The Man With Bad Manners
- Book cover of The Man with Bad Manners by Idries Shah
- Author: Idries Shah
- Illustrator: Rose Mary Santiago
- Language: English
- Genre: Children
- Published: November 2003
- Publisher: Hoopoe Books
- Publication date: 2003-2016
- Publication place: United States of America
- Media type: Print (Paperback & Hardcover).
- Pages: 24
- ISBN: 9781883536305
- Preceded by: The Magic Horse
- Followed by: The Old Woman and the Eagle

= The Man with Bad Manners =

2003 children's book by Idries Shah

The Man With Bad Manners, first published in 2003, is the seventh out of eleven children's books written by Idries Shah and published by Hoopoe Books.

==Summary==
The Man With Bad Manners is a fable about how a village struggles with a Man with Bad Manners. The story's focus is on peaceful conflict resolution and how the village provides the Man with Bad Manners an opportunity to reform his behavior. The publisher has developed a "Manual for Parents and Caregivers," which is available for free at their website. The manual suggests questions that a parent might ask to enrich a child's understanding of the story's message.

==Editions==
The Man With Bad Manners comes in several different versions: hardcover, softcover, and hardcover with a CD. The book is published in several different language including English and Spanish as well as several bilingual editions including English and Pashto and English and Dari.

==Reception==
Marilyn Taniguchi of the Beverly Hills Public Library reviewed The Man With Bad Manners for the April 2004 issue of the School Library Journal. Taniguchi said that the story and illustrations blend effectively to deliver "the story's message of peaceful conflict resolution."

Veronica Schwartz of the Des Plaines Public Library reviewed The Man With Bad Manners for the May 2006 issue of the School Library Journal. Schwartz notes that she considers the book "A fine addition to folk tale collections." Schwartz goes on to say that the story covers "lessons relating to conflict resolution, initiative, cooperation, and an alternative way of seeing things."

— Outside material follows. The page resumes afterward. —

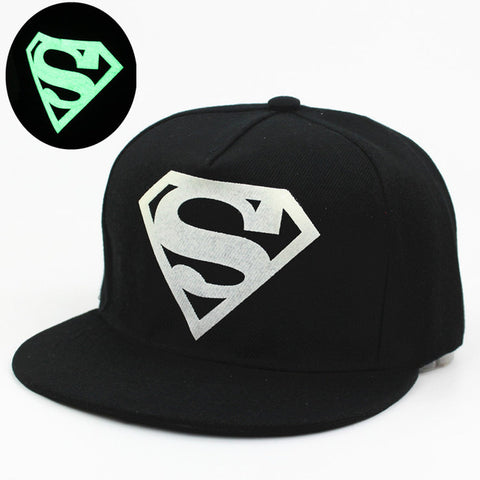 2017 NEW fluorescent light male Ms. hat hip-hop hat cap Black BTS EXO hip-hop hat flat brim baseball hat BOY Baseball Caps - Wolfmall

Noorullah Babrakzai reviewed Shah's entire Children's Book Series which includes "The Man With Bad Manners" for Volume 5 Number 2, 2003 (ISSN 1521-0960) issue of the Multicultural Perspectives. Babrakzai notes that "it would be a mistake to view these tales as merely 'primitive' substitutes for more 'sophisticated' forms of entertainment. There lasting appeal is due, I think, to the fact that they not only entertain, but can be understood on many different levels and provide a form of "nourishment for the brain" that can help develop thinking abilities and perceptions."